Copy out exactly the stretch below, from the line with "Krem ambalajlı kapalı" through the line with "Chunky Heart 22K Gold Plated Earrings", both included; the pictures stay out.

• Input data:
========
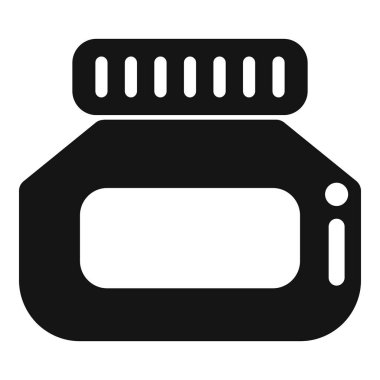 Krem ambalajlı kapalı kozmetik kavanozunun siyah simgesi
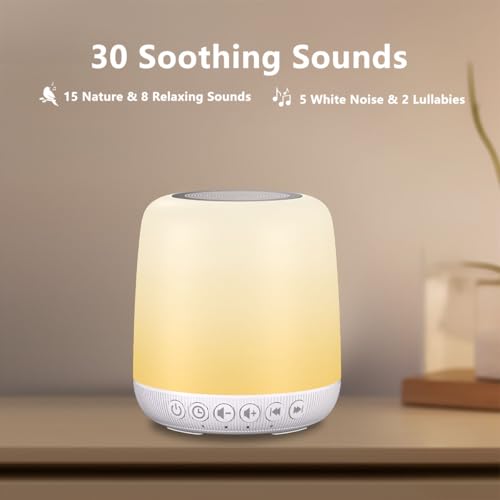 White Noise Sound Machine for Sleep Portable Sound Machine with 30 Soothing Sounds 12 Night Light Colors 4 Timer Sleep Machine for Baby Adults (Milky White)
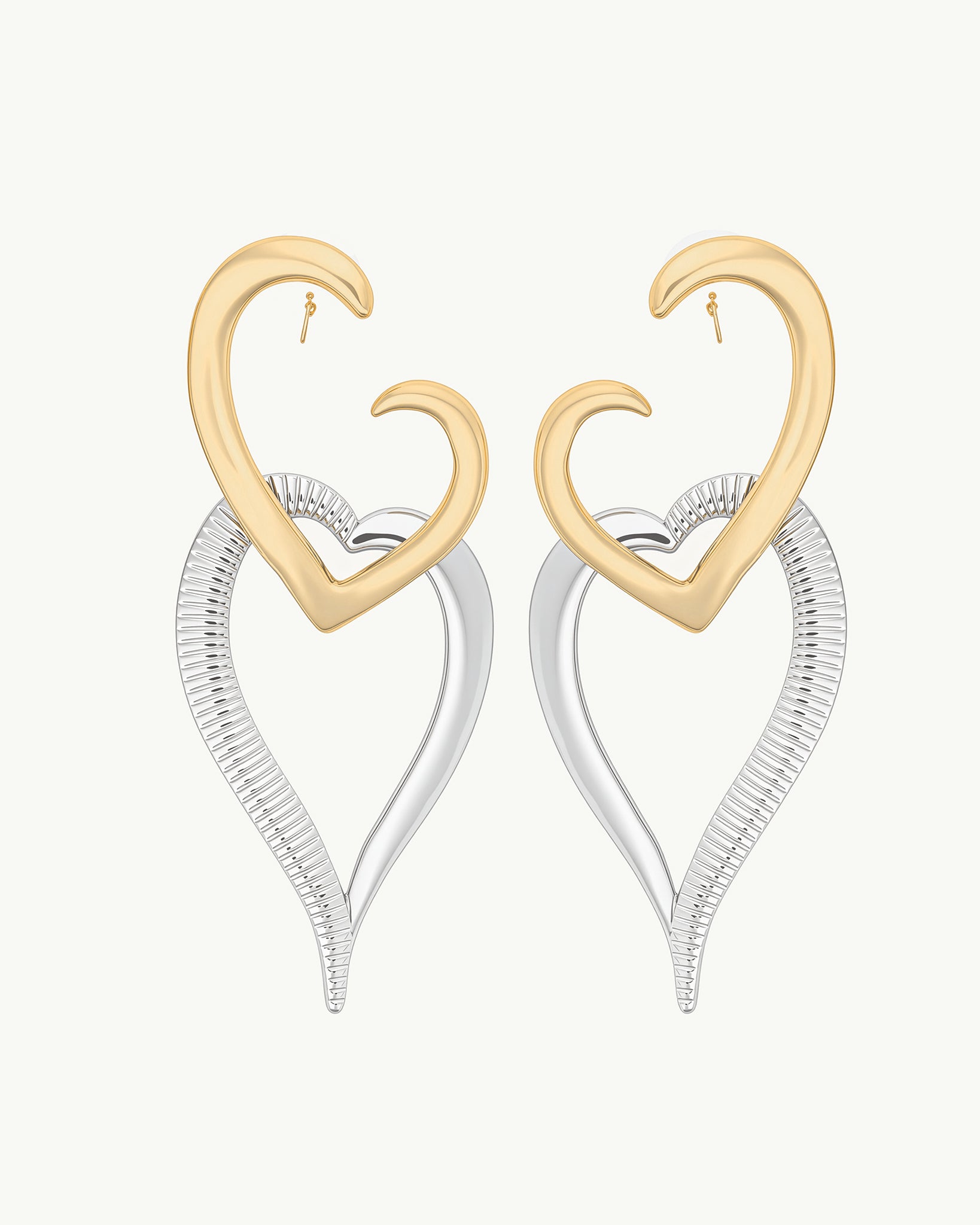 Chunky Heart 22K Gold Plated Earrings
========
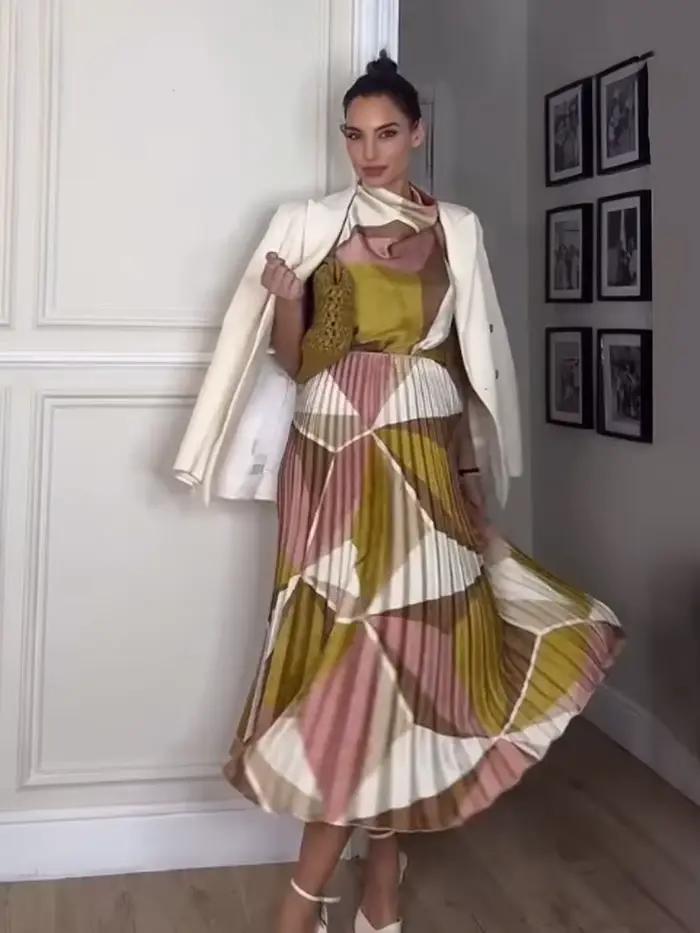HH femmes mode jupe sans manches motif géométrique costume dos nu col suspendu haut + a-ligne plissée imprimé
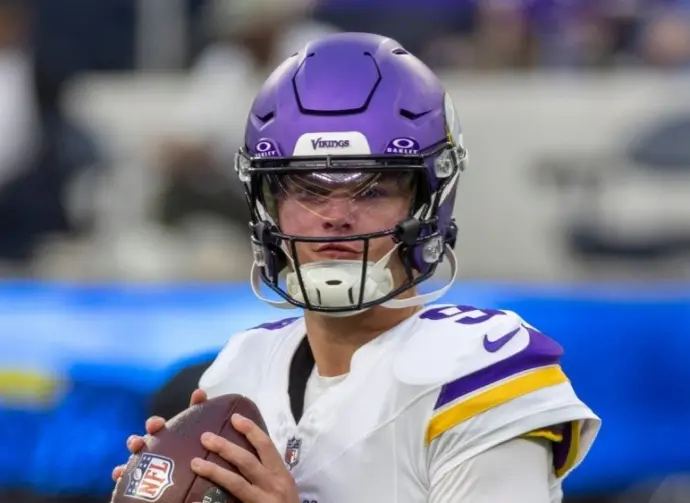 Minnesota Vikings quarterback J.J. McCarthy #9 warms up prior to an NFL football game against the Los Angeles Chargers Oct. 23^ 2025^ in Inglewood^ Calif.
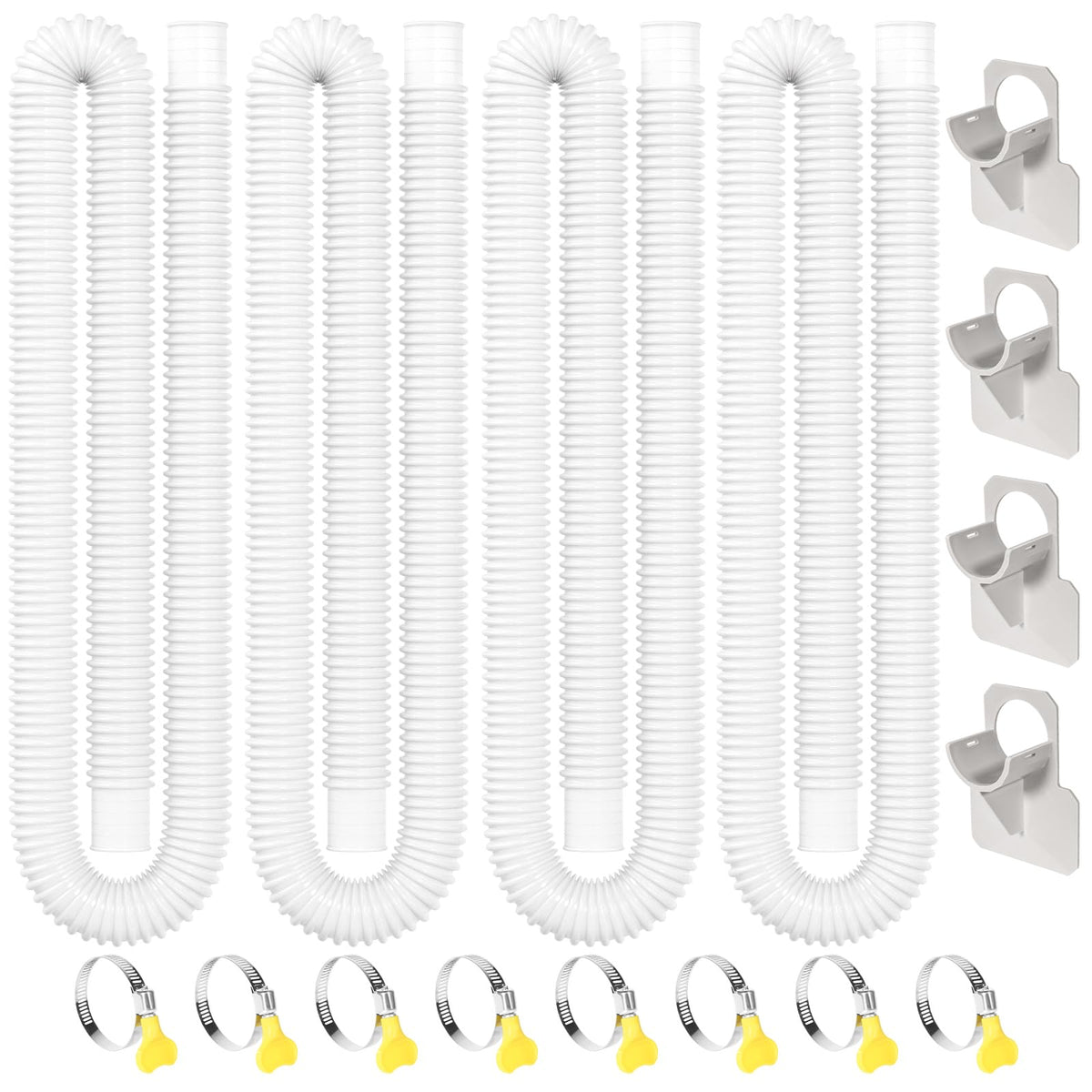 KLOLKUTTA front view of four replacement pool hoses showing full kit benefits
========
• Expected answer:
 Krem ambalajlı kapalı kozmetik kavanozunun siyah simgesi
 White Noise Sound Machine for Sleep Portable Sound Machine with 30 Soothing Sounds 12 Night Light Colors 4 Timer Sleep Machine for Baby Adults (Milky White)
 Chunky Heart 22K Gold Plated Earrings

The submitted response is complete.